**What to produce**
Once the line containing "My Hope Is In" is reached in the listing below, reproduce it and all later lines through the final one exactly, but omit any pictures.
*** Source information ***
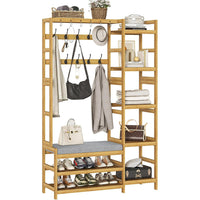 DE.SIKAIC Garderobenständer Bambus / Bambus / Klassisch Garderobenständer mit Schuhbank,Kleiderständer mit 5 Aufbewahrungsregale, Schuhregal, 10 Doppelhaken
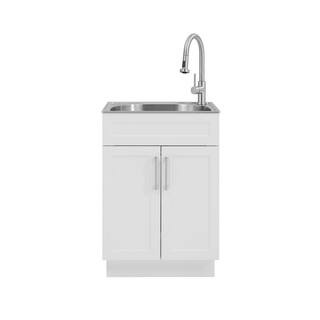 All-in-One 24.125 in. x 21.375 in. x 35 in. Stainless Steel Laundry Sink with Faucet and White St... | The Home Depot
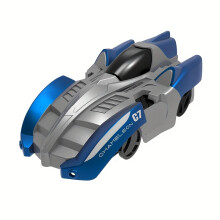 (Blue) MESIONDY Wall Climbing RC Car, 360 Rotating Dual Mode Stunt Toy with Headlight, USB Rechargeable Lithium Battery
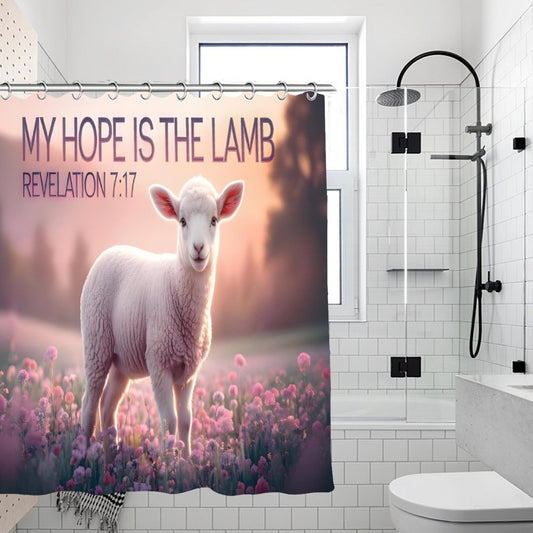 My Hope Is In The Lamb Christian Waterproof Shower Curtain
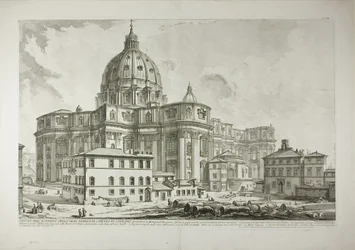 Vy över Peterskyrkans exteriör i Vatikanen, från Views of Rome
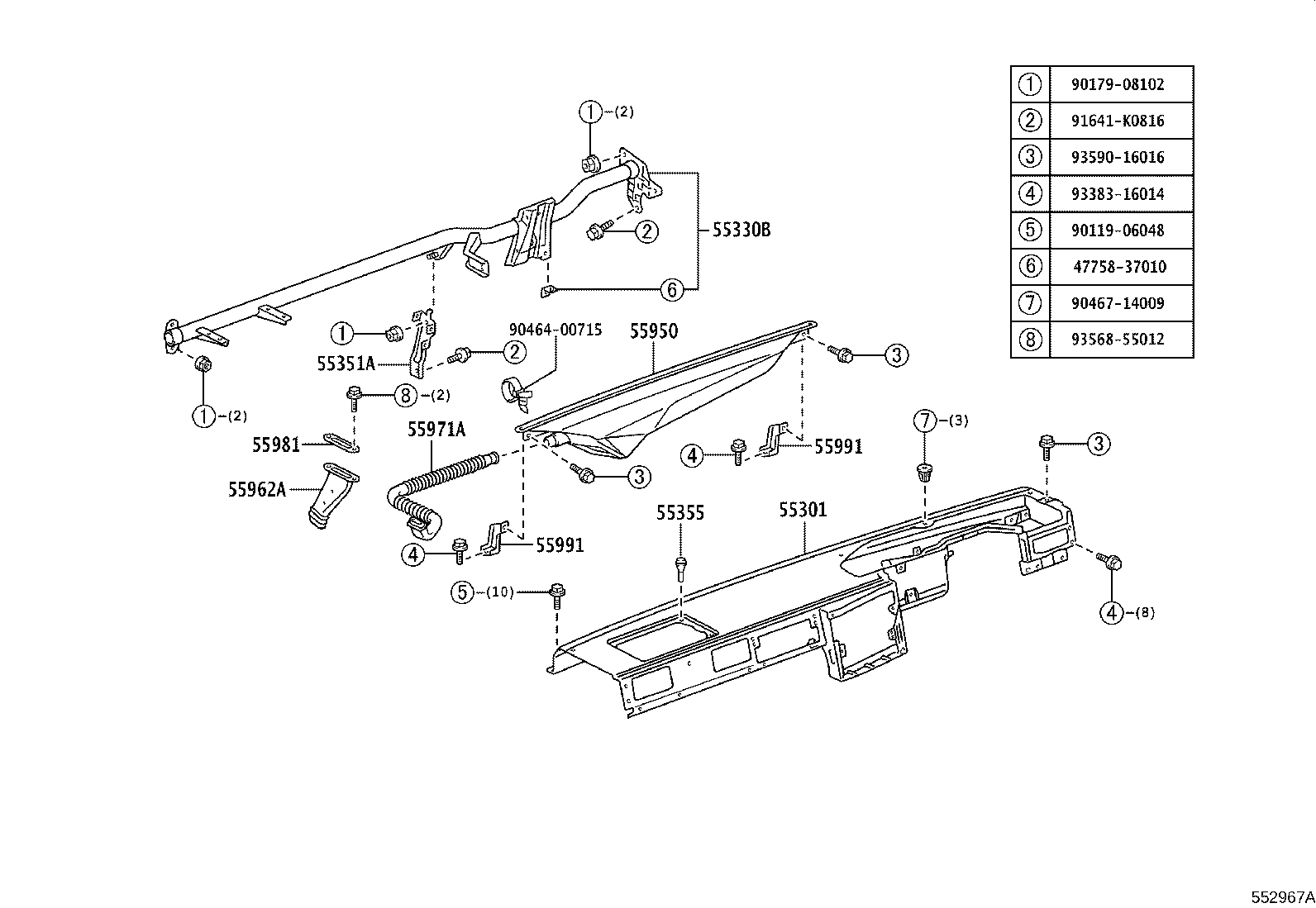 55366-37020 BRACKET, RADIO MOUNTING, NO.1 product image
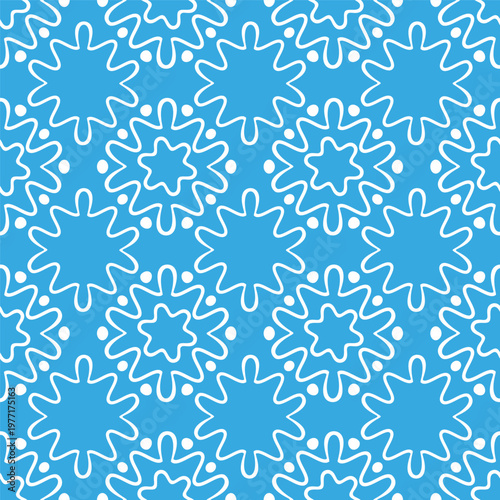 Seamless pattern with white floral elements on blue background. Oriental style ornament. Vector illustration.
***
**Exercise solution**
 My Hope Is In The Lamb Christian Waterproof Shower Curtain
 Vy över Peterskyrkans exteriör i Vatikanen, från Views of Rome
 55366-37020 BRACKET, RADIO MOUNTING, NO.1 product image
 Seamless pattern with white floral elements on blue background. Oriental style ornament. Vector illustration.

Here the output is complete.